The end of the passage 12j on the side higher than the suction hole 22 opens into the seal chamber 13a through the notch 12f. The seal chamber 13a is also separated from the suction chamber 13 by the peripheral wall 12c. The upper wall of the peripheral wall 12c communicates with the suction chamber 13 in the portion where the notch 12e is formed.
Therefore, even if liquid refrigerant accumulates in the suction chamber 13, the liquid refrigerant does not flow into the suction hole 22 until the liquid refrigerant reaches the position of the notch 13 e, and the compression chamber 48. Liquid compression can be prevented or suppressed.

  The compressor 100 of the present embodiment is a part of the peripheral wall of the passage 12j formed by the partition ribs 12g and 12h formed on the front head 12, but the gas compressor according to the present invention is the same as that of this embodiment. The flow path (passage 12j in the compressor 100) that reaches the suction hole (suction hole 22 in the compressor 100) through the portion where the seal member is disposed (the seal chamber 13a in the compressor 100) is not limited. You may form by the partition rib extended toward the front head 12 from the main body 60 (for example, the front side block 20).

Further, the passage 12j may be formed by a tubular (for example, snorkel-shaped) duct separate from the front head 12 and the front side block 20.
For example, as shown in FIG. 6, a duct 80 in which a passage 83 is formed between an opening 81 and an opening 82 is used, and one opening 81 of the duct 80 is opposed to the suction hole 22 so as to face the front side block 20. By connecting and connecting the other opening 82 to the peripheral wall 12c so as to oppose the notch 12f of the peripheral wall 12c of the seal chamber 13a, a passage 83 that reaches the suction hole 22 through the seal chamber 13a may be formed. .
Also by the passage 83 formed in this way, the same operation and effect as the compressor 100 of the above-described embodiment can be obtained.

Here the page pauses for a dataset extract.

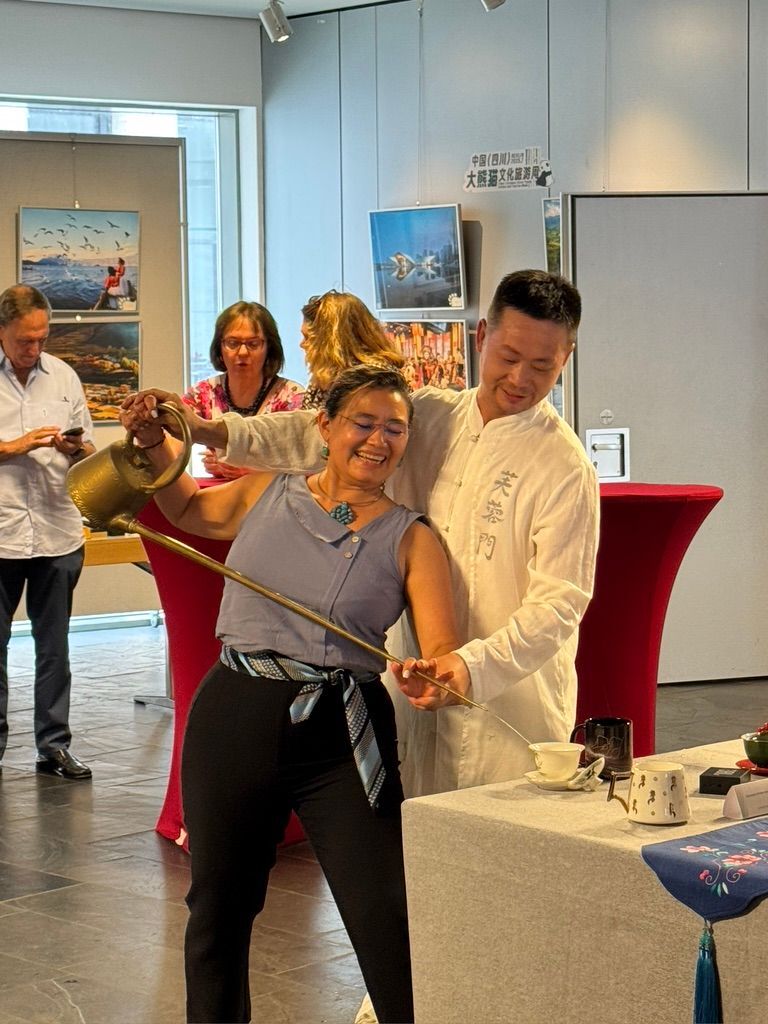 “Tea for Harmony – Yaji Cultural Salon” at the Chinese Cultural Center in Berlin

DESCRIPTION OF SYMBOLS 10 Housing 12 Front head 12a Suction port 12g, 12h Rib 12j Passage 13 Suction chamber 13a Seal chamber 14 Discharge chamber 20 Front side block 20a Outer surface 22, 23 Suction hole 51 Rotating shaft 51a Outer surface 52 Lip seal (seal member)
60 Compressor body 100 Vane rotary compressor (gas compressor)
G Refrigerant gas (gas)

Claims (4)

A compressor body having a compression chamber and a rotating shaft for compressing the supplied gas into a high-pressure compressed gas, and a suction chamber for accommodating the compressor body inside and introducing gas supplied from the outside through a suction port And a housing in which a seal member that seals between the outer peripheral surface of the rotary shaft in the suction chamber is disposed,
A suction hole that allows the suction chamber and the compression chamber to pass through is formed in a partition wall that separates the compression chamber and the suction chamber.
A gas compressor characterized in that a partitioned flow path for allowing the gas to reach the suction hole through a portion where the seal member is disposed is formed in the suction chamber.   2. The gas compressor according to claim 1, wherein the flow path is formed at a position where the gas inlet side is higher than the outlet side.   The gas compressor according to claim 1, wherein the flow path is formed by a rib extending from the inner surface of the housing toward the partition and the partition.   The flow path is formed by a duct formed in a cylindrical shape with one end opening connected to a portion where the seal member is disposed and the other end opening connected to a front suction hole. The gas compressor according to claim 1 or 2.